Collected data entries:
━━━

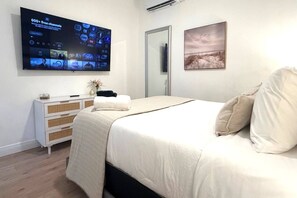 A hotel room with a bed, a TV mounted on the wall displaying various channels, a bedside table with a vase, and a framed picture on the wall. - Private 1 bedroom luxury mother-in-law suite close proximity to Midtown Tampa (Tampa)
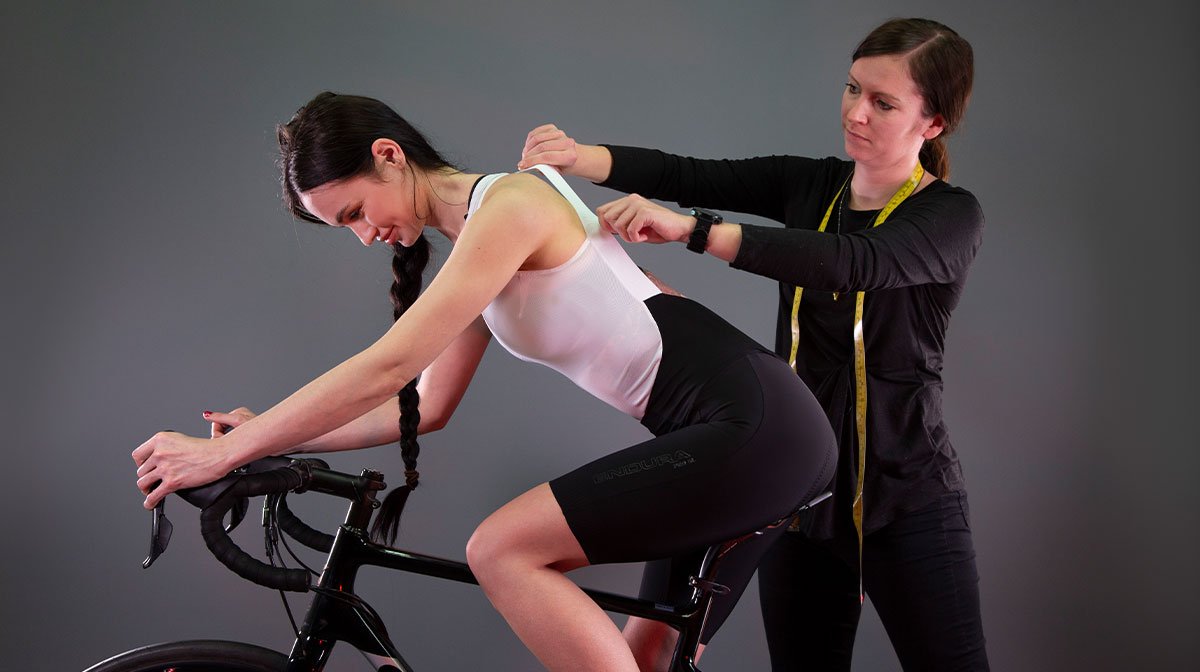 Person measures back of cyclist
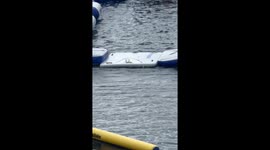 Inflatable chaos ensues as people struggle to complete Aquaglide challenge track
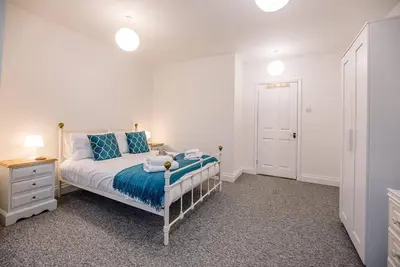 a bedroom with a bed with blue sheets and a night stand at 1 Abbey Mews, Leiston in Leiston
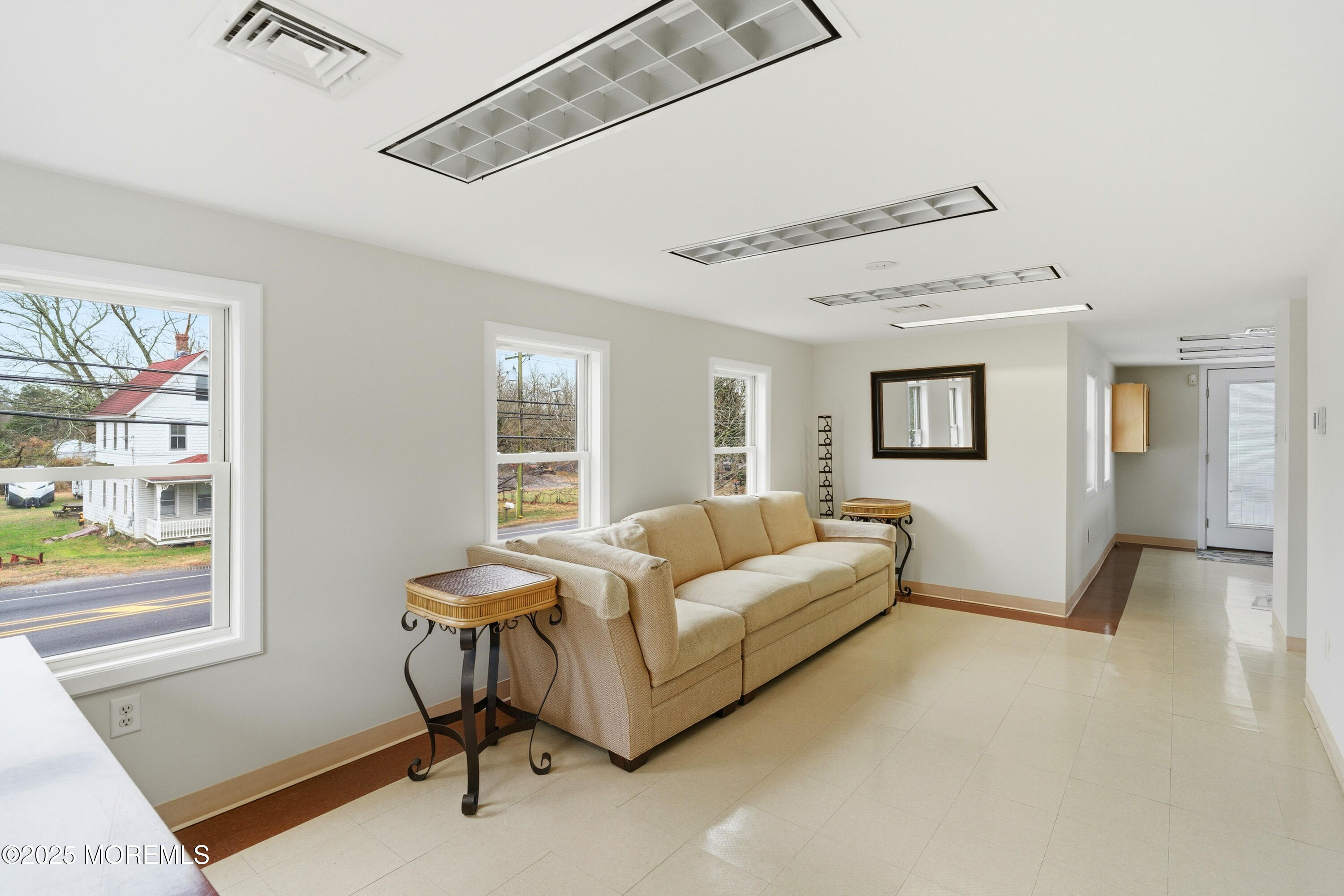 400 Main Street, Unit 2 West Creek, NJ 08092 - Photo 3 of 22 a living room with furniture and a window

━━━

**Your objective**
Your reply must contain each entry exactly as written and no pictures.

**Solution to this task**
 A hotel room with a bed, a TV mounted on the wall displaying various channels, a bedside table with a vase, and a framed picture on the wall. - Private 1 bedroom luxury mother-in-law suite close proximity to Midtown Tampa (Tampa)
 Person measures back of cyclist
 Inflatable chaos ensues as people struggle to complete Aquaglide challenge track
 a bedroom with a bed with blue sheets and a night stand at 1 Abbey Mews, Leiston in Leiston
 400 Main Street, Unit 2 West Creek, NJ 08092 - Photo 3 of 22 a living room with furniture and a window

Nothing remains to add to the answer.